McKee, president and chief executive officer at Nventa.  "As part of our
commitment to the continued advancement of HspE7, Hsp 6/11 and Poly-ICR, we
are aggressively seeking strategic alliances, including merger and acquisition
opportunities, which will allow us to realize the greatest value for each of
these important programs."
    HspE7: Lead Product Candidate for the Treatment of Cervical
Intraepithelial Neoplasia (CIN)
    A recently completed Phase 1 clinical trial of HspE7, a novel therapeutic
candidate intended for the treatment of precancerous and cancerous lesions
caused by the human papillomavirus (HPV), demonstrated an excellent safety
profile, while providing compelling data to support HspE7's immunologic
activity.  Based on the positive Phase 1 trial results, the next planned
initiatives include Phase 2 clinical studies that will evaluate HspE7 as a
potential treatment for both low-grade cervical dysplasia (CIN 1) and
high-grade cervical dysplasia (CIN 2/3).  The planned Phase 2 trials consist
of multi-center, randomized, double-blind, placebo-controlled studies in the
U.S., Canada, Europe and Latin America.  For the CIN 2/3 study, protocol
development, discussions with the U.S. Food and Drug Administration and site
evaluations have been completed.  A second protocol for the CIN 1 indication
is near completion.  Partnering or adequate financing are required for the
trials to be initiated.
    
    Poly-ICR -- Proprietary Toll-like Receptor 3 Agonist
    
    The company's proprietary Toll-like Receptor 3 agonist, Poly-IC:
Poly-Arginine (Poly-ICR), may have use as a broad immune stimulatory agent, as
well as a vaccine adjuvant for both therapeutic and prophylactic vaccines.

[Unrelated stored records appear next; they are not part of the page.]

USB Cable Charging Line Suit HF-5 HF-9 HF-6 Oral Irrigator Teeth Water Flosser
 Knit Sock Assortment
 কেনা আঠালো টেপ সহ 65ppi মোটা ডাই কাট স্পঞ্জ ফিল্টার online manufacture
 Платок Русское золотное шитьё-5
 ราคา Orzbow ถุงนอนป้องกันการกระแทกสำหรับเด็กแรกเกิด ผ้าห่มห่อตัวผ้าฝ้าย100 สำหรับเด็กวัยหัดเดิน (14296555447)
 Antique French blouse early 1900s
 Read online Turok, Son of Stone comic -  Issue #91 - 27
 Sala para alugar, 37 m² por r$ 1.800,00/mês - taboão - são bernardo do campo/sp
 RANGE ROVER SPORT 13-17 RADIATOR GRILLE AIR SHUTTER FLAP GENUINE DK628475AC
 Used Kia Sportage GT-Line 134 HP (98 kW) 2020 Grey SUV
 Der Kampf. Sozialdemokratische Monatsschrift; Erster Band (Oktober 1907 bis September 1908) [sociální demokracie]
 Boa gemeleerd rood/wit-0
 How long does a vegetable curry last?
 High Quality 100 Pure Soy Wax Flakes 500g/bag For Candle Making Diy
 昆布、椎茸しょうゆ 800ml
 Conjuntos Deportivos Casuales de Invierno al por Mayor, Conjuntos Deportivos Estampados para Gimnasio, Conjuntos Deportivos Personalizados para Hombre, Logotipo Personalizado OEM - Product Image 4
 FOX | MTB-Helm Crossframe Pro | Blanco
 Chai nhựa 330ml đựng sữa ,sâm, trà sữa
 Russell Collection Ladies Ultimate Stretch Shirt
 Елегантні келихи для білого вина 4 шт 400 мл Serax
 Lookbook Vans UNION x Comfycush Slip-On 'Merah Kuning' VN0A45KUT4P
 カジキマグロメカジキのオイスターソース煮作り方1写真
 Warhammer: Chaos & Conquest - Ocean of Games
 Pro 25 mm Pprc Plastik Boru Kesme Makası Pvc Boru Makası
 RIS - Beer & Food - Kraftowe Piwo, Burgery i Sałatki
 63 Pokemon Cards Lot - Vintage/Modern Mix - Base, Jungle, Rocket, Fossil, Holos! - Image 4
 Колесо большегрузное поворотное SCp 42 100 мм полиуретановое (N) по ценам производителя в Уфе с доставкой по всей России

Nventa is currently advancing Poly-ICR as a means for revenue generation
through partnering, as well as for its own internal development.
    --  Partnering Poly-ICR -- Nventa is currently providing Poly-ICR through
Material Transfer Agreements to leading vaccine developers in the U.S. and
abroad who are evaluating Poly-ICR for potential incorporation into a wide
range of vaccine products.  Based on early interest in Poly-ICR, the company
anticipates that it may provide Nventa with a near-term revenue opportunity.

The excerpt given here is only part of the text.